Data extracts =
+ + +
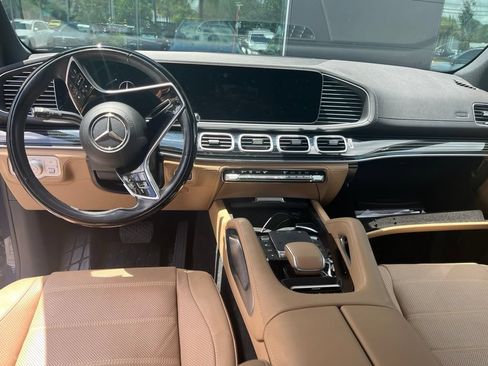 Used 2024 Mercedes-Benz GLE 350 4MATIC image 10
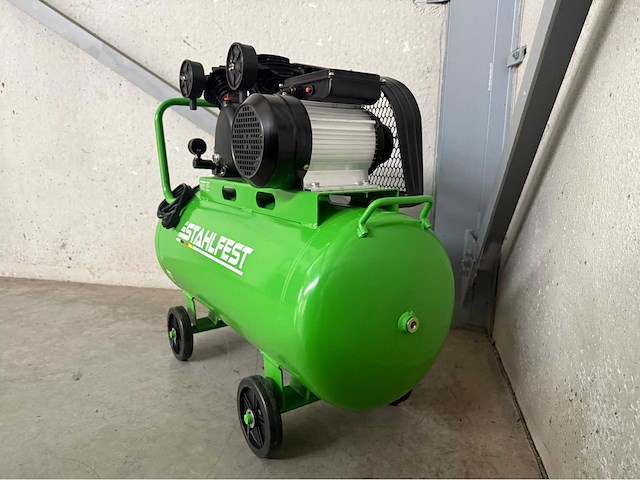 Stahlfest 100 liter v-twin zuigercompressor - afbeelding 10 van  14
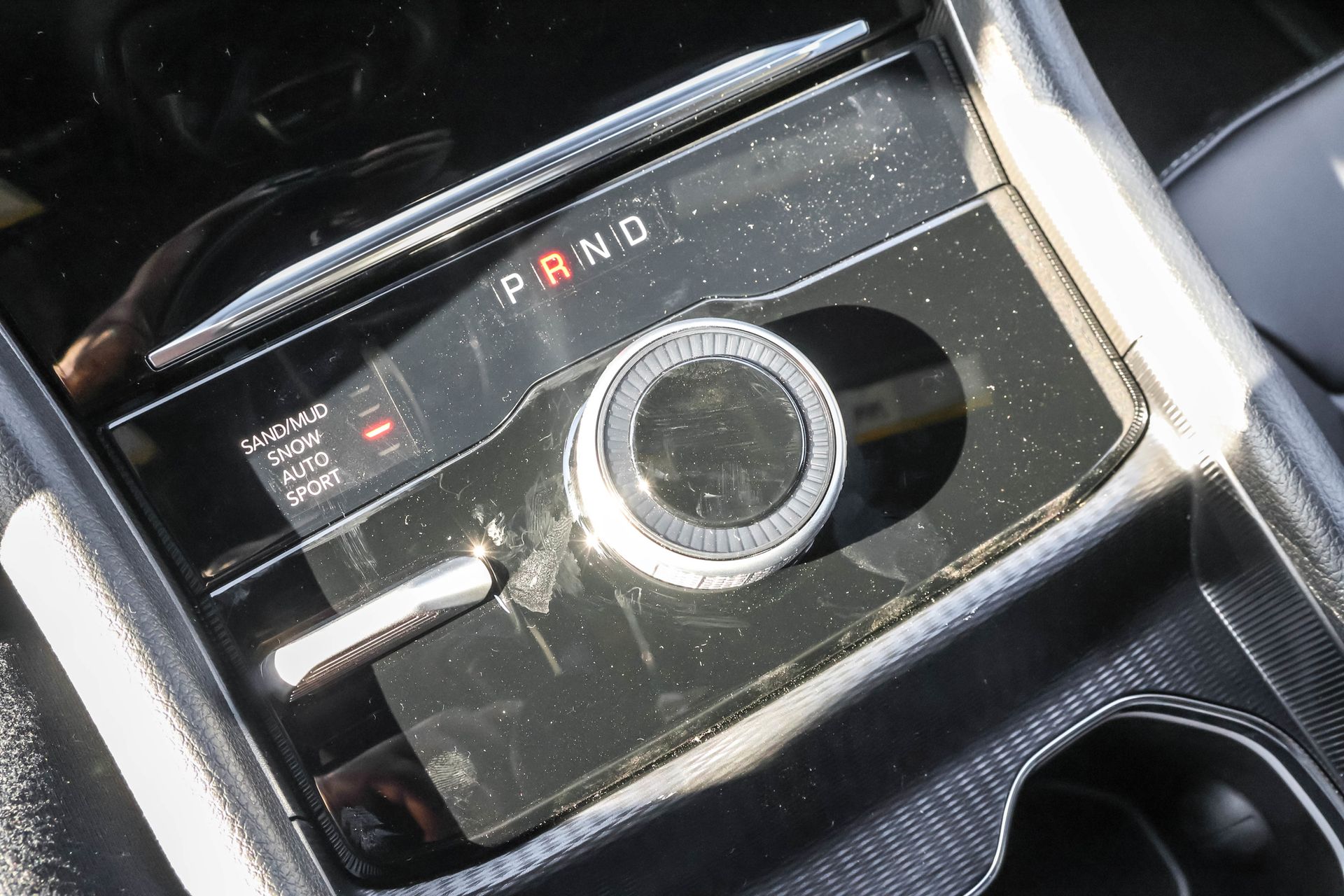 2025 JEEP GRAND CHEROKEE - Image 21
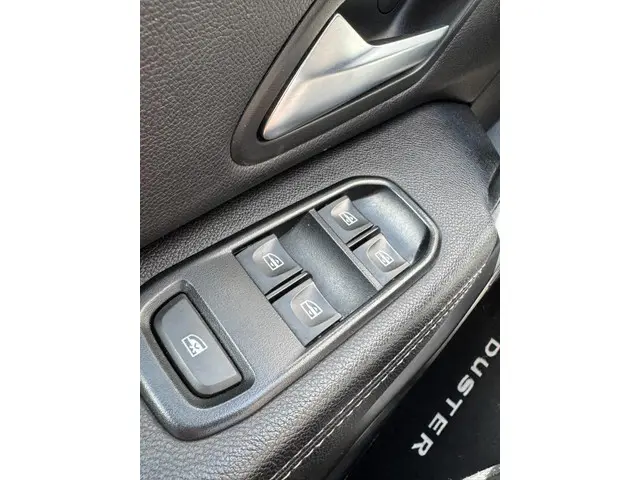 Dacia Duster 1.3 TCe Prestige 2021 Benzine 12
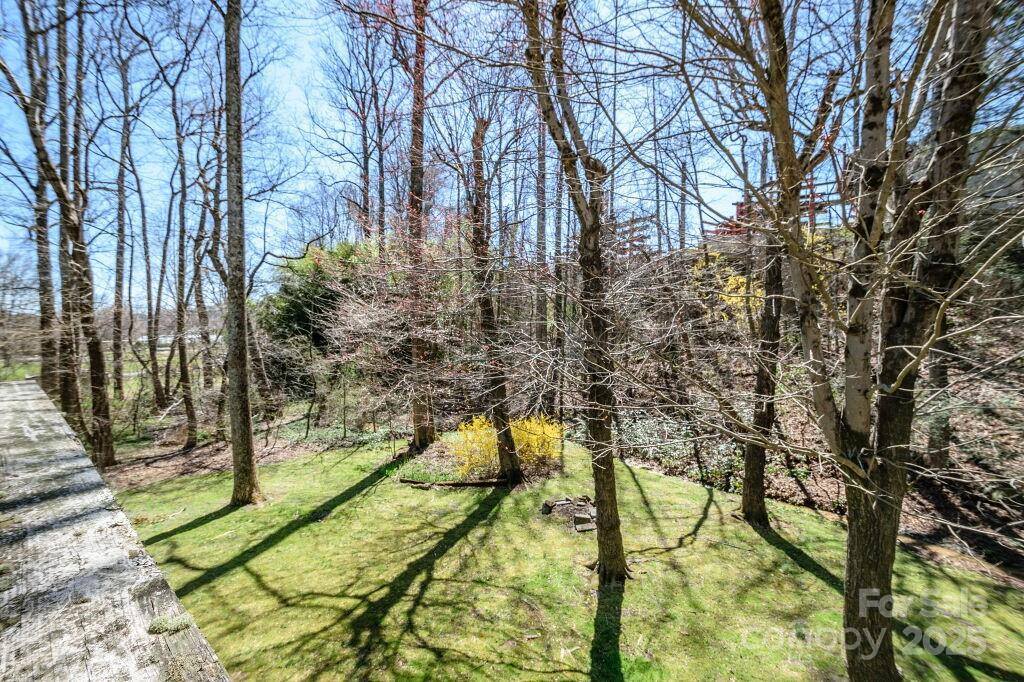 25 Apple Creek Lane, Hendersonville, NC 28792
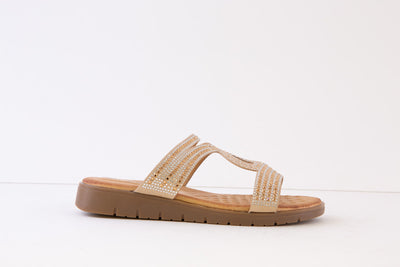 LUNAR - JLH390 CHAVEZ LOW WEDGE FASHION MULE - GOLD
+ + +
Exact copy, pictures omitted: every line from the one holding "Dacia Duster 1.3" through the last line of the data above, and nothing else.

Response =
 Dacia Duster 1.3 TCe Prestige 2021 Benzine 12
 25 Apple Creek Lane, Hendersonville, NC 28792
 LUNAR - JLH390 CHAVEZ LOW WEDGE FASHION MULE - GOLD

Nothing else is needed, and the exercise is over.